La gigantesca presa in giro dei fondi statali alle imprese sotto la ''forca'' delle banche

Dimentichiamo per qualche minuto le miserie locali per una riflessione su questi ultimi due mesi. Non tocchiamo l'aspetto sanitario, delicato e complesso, che merita un "pezzo" a se. Ci soffermiamo invece sul turbinio dei numeri di miliardi messi a disposizione dei cittadini. Il Governo ha parlato di un bazooka da 400 miliardi; più modestamente la Lombardia ha annunciato la messa a disposizione di 3 miliardi cash per imprese, famiglie e comuni. Una tempesta finanziaria tale da domandarsi, come prima sensazione, dove diavolo fossero conservati tutti questi soldi fino alla fine di febbraio.

Poi però basta una pausa tra la lettura di un articolo e l'altro, entrambi grondanti miliardi, per comprendere che, semmai ci saranno, questi fondi sono tutti a debito. E allora finalmente la luce fu.

I Comuni annunciato aiuti, ma con buoni spesa statali, assicurano concessioni sulla Tari, ma soltanto in termini di differimento delle rate, anche se per due mesi i negozianti non hanno prodotto un chilo di immondizia stando chiusi. Altri provvedimenti non se ne vedono.

La regione straparla di fondi a disposizione - e i partiti di riferimento emettono comunicati trionfanti - dimenticando che sono soldi dei lombardi accumulati con addizionali, balzelli, imposte varie, tasse, Irap (che nessuno si sogna di toccare, un'imposta che si paga anche col conto economico in perdita).

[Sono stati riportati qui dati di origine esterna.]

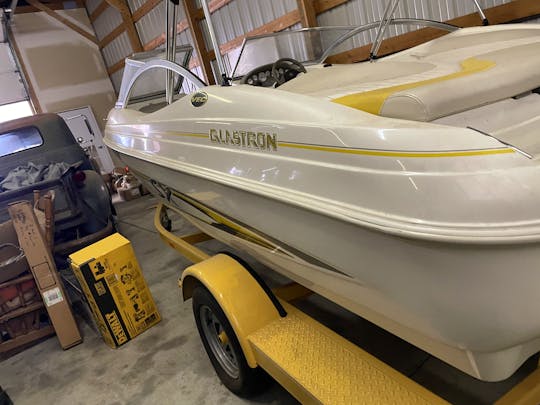 Glastron 175 SX Bowrider! Available to our lake house guests 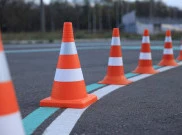Traffic Cone Bukan Sekadar Pembatas, Ini Fungsi Penting yang Perlu Diketahui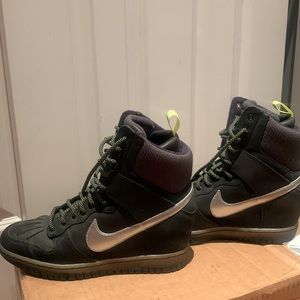 Nike Waterproof Dunk Sky HI Sneakerboot Black/ Volt Silver 684954 001
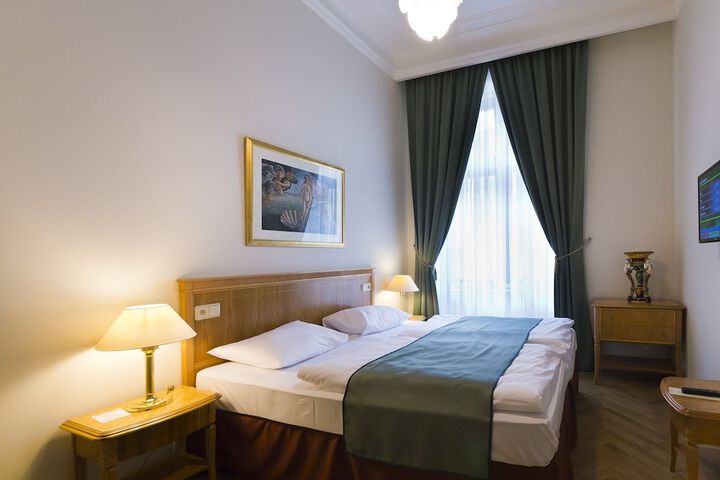 Room 30 of 82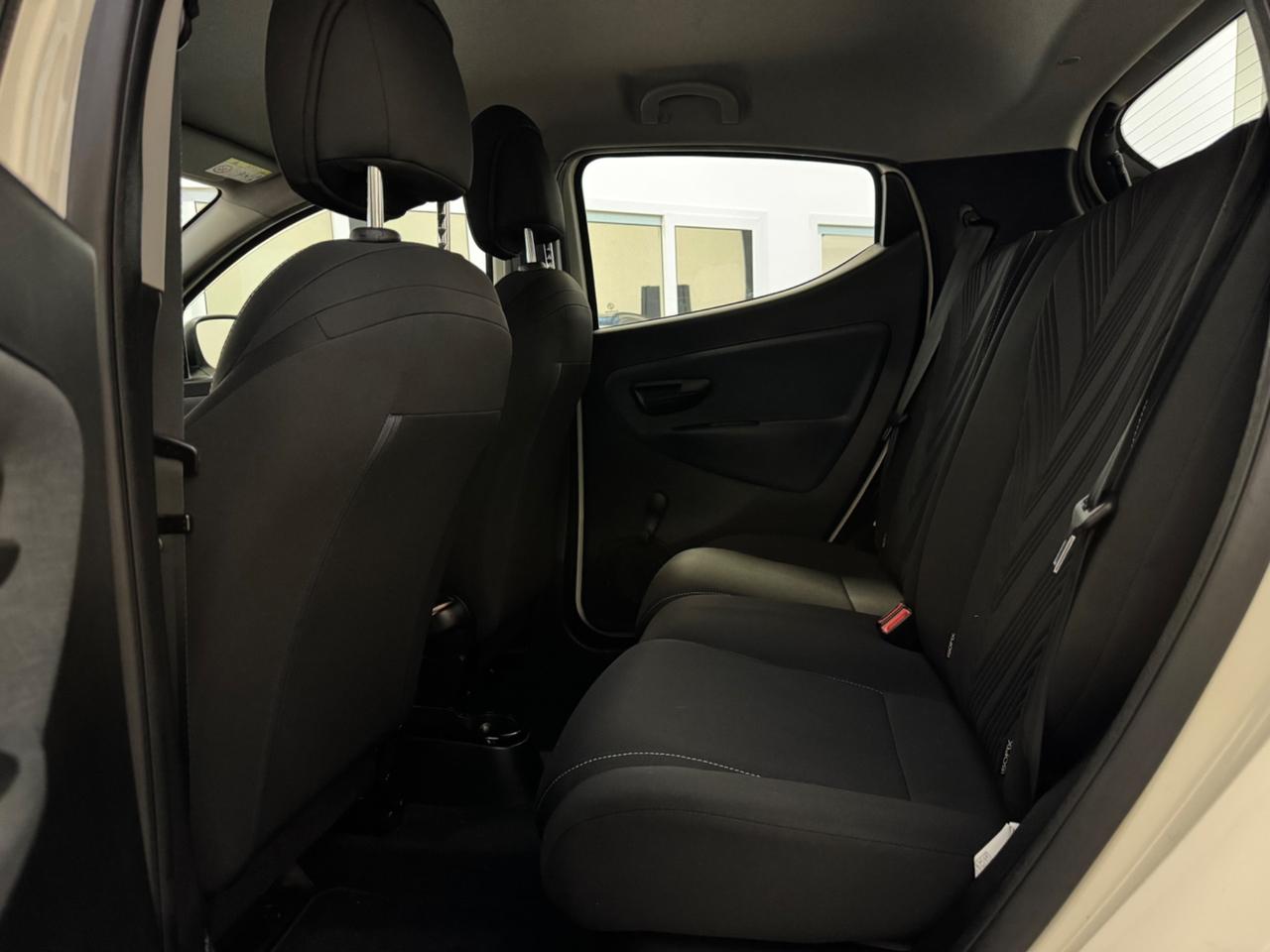 Lancia Ypsilon 1.0 FireFly 5 porte S&S Hybrid Ecochic Gold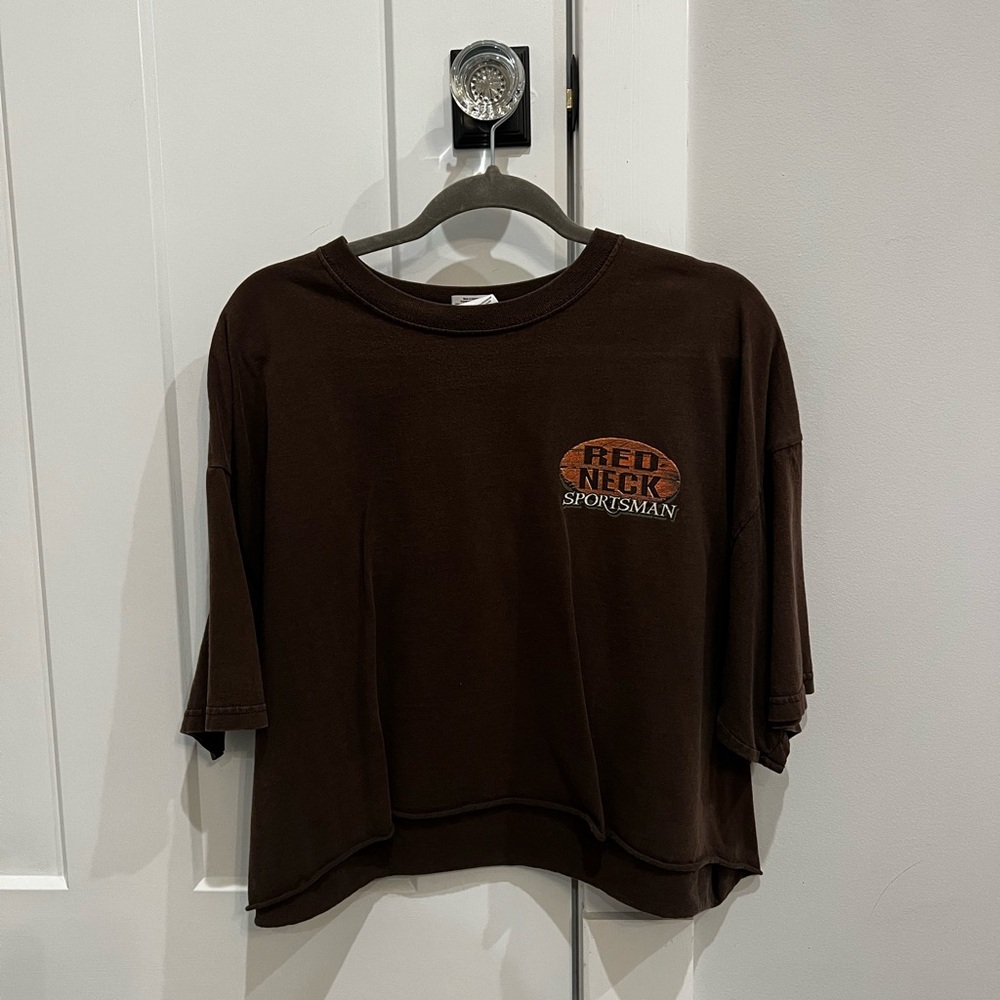 Cropped tee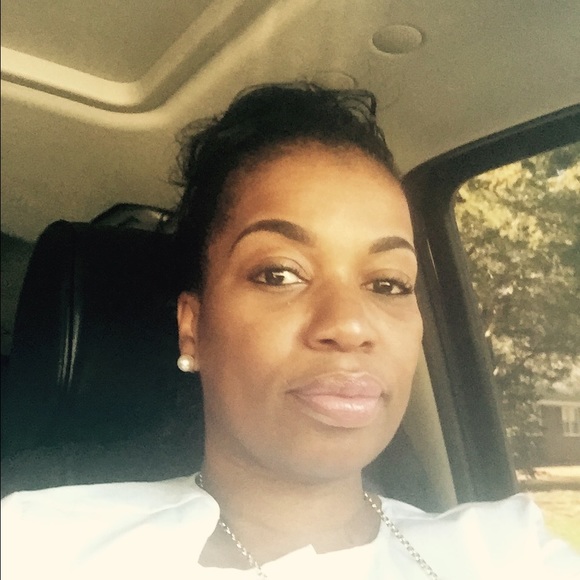 Meet your Posher, Teresa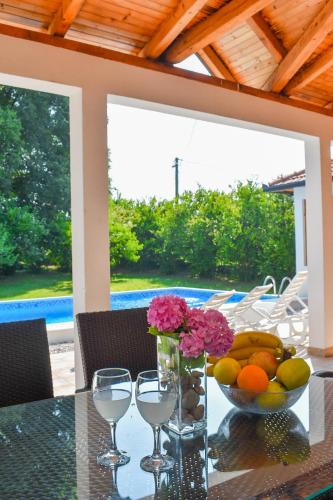 Kert, Villa Sama in Blagaj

E poi le banche. E qui lo spettacolo è davvero sconfortante. Per avere i famosi 25mila euro "subito sul conto" occorre compilare quattro modelli di cui uno di ben 13 pagine, indicare l'attivo dello stato patrimoniale, come fosse una cosa nota a tutti, produrre l'Unico 2019 redditi 2018 o un bilancio corredato di nota integrativa se si tratta di una società di capitali. Il tasso generalmente è attorno all'1 - 1,15%, senza altre spese. Tempi per la delibera almeno 15 giorni.

Per ottenere i fondi del "Cura Italia" o del decreto "Liquidità", la trafila è sostanzialmente uguale a quella, già indegna, che si deve percorrere per ottenere un finanziamento a medio, lungo termine. Facciamo qualche esempio. Ubi banca, quella di "Fare banca per bene", Intesa, Popolare Emilia Romagna, chiedono variamente una relazione sullo stato di fatto, gli elementi connessi al Covid e un budget finanziario mensilizzato con entrate da clienti, pagamenti a fornitori, dipendenti, spese, generali, previsioni su insolvenze, persino un'ipotesi di ebitda. Poi ci sono il solito allegato 4 e 4 bis da compilare, più le autocertificazioni. Il tutto richiede almeno un mese per l'istruttoria. E infine si arriva ai tassi: raramente sotto l'1,25% con spese di istruttoria che oscillano tra lo 0,35 e lo 0,75% , penali elevate in caso di estinzione anticipata, durate tra 60 e 72 mesi con preammortamento (si pagano solo gli interessi) tra 12 e 24 mesi. Se si ricorre alla garanzia della Sace, il costo è di 42.500 euro ogni milione di finanziato. Oltre, naturalmente a tutti i costi prima elencati.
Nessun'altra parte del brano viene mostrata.